Yes. The tasting menu format, Michelin Plate recognition, and the option of wine flights — including a British-themed pairing — make it a natural fit for birthdays, anniversaries, or celebratory dinners. Service is reported as attentive and warm, which matters as much as the food on those occasions.
At £££, ÖRME is priced at the upper end of the Manchester suburbs but well below comparable Michelin-recognised tasting menu restaurants in the city centre. Given the Michelin Plate in consecutive years and the quality of the cooking described across both guides, the value case is strong — particularly for the 5-course option if you want to test the kitchen before committing to the full experience.

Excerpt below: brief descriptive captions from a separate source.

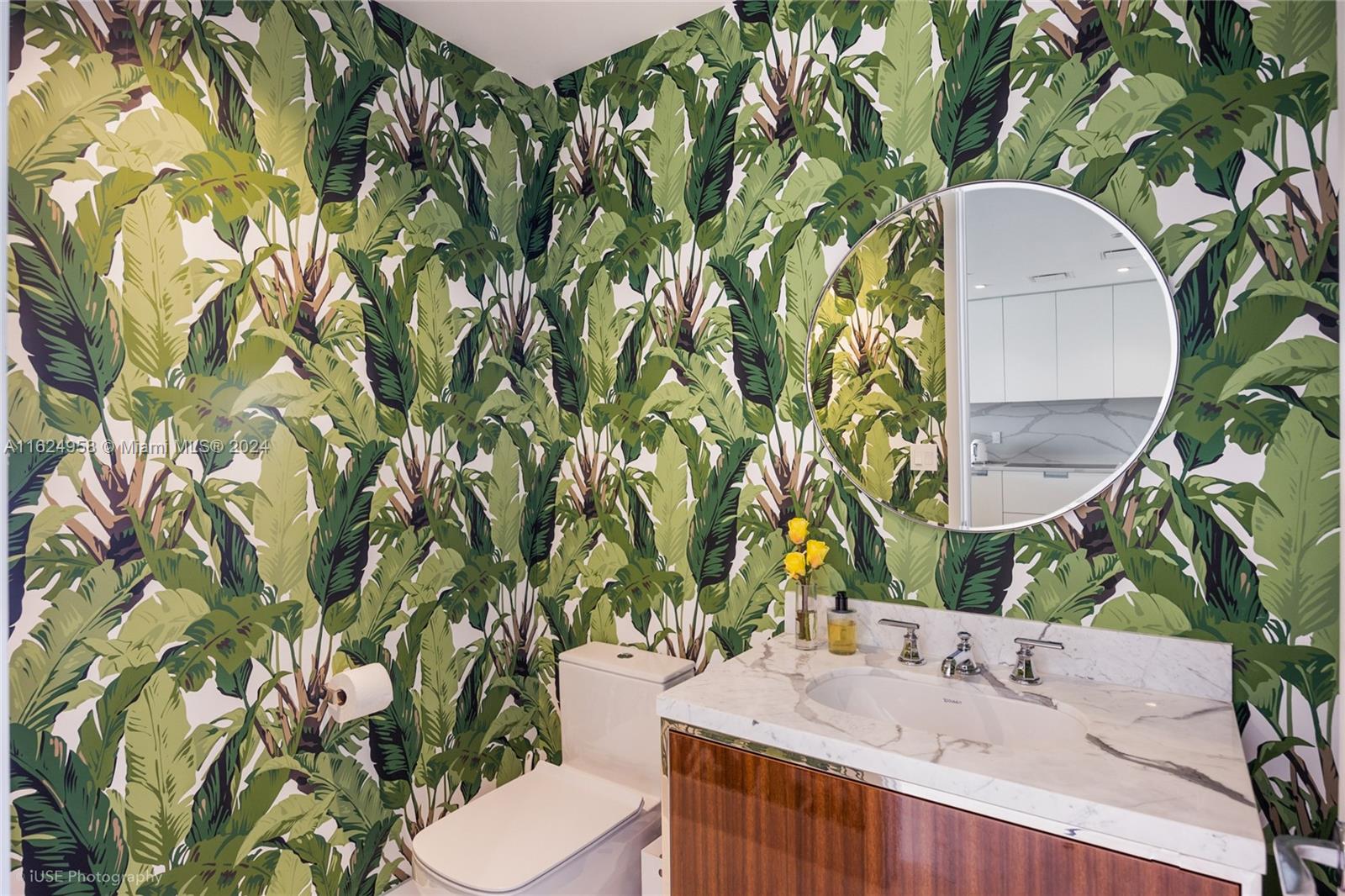 15701 Collins Avenue, Unit 4303 Sunny Isles Beach, FL 33160 - Photo 7 of 12 a bathroom with a sink and mirror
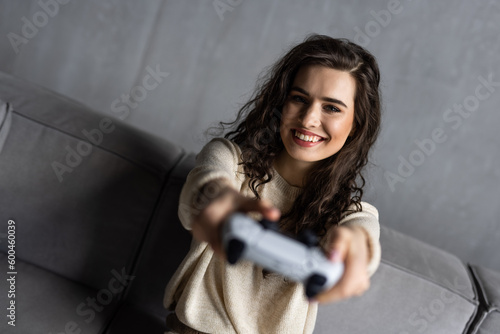 Young woman play games with console sit on couch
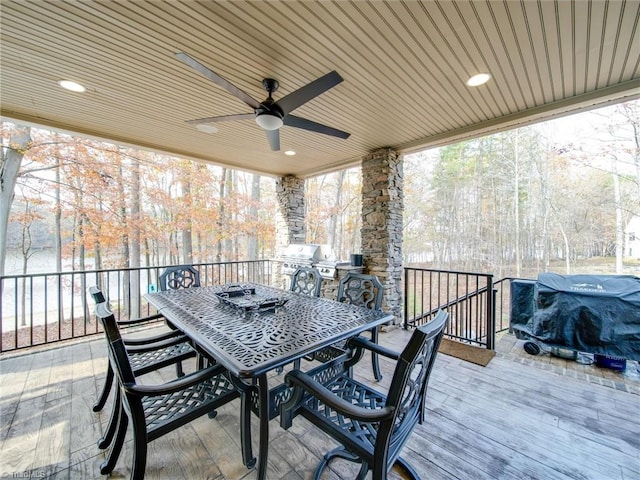 wooden deck with ceiling fan and grilling area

There are no direct tasting menu alternatives in Urmston itself. For comparable Modern British tasting menus in the broader region, Moor Hall in Aughton and L'Enclume in Cartmel operate at a higher price point and Michelin star level. If you want to stay closer to Manchester, ÖRME is currently the most credentialled tasting menu option in the suburbs at this price.
Yes, provided you are comfortable with the format. ÖRME offers 5 or 7-course menus with seasonal adjustments, and the kitchen has earned Michelin Plate recognition in both 2024 and 2025. If you prefer à la carte flexibility, this is not the right venue. But if tasting menus are your format, ÖRME delivers at a price point that is hard to match in this part of Greater Manchester.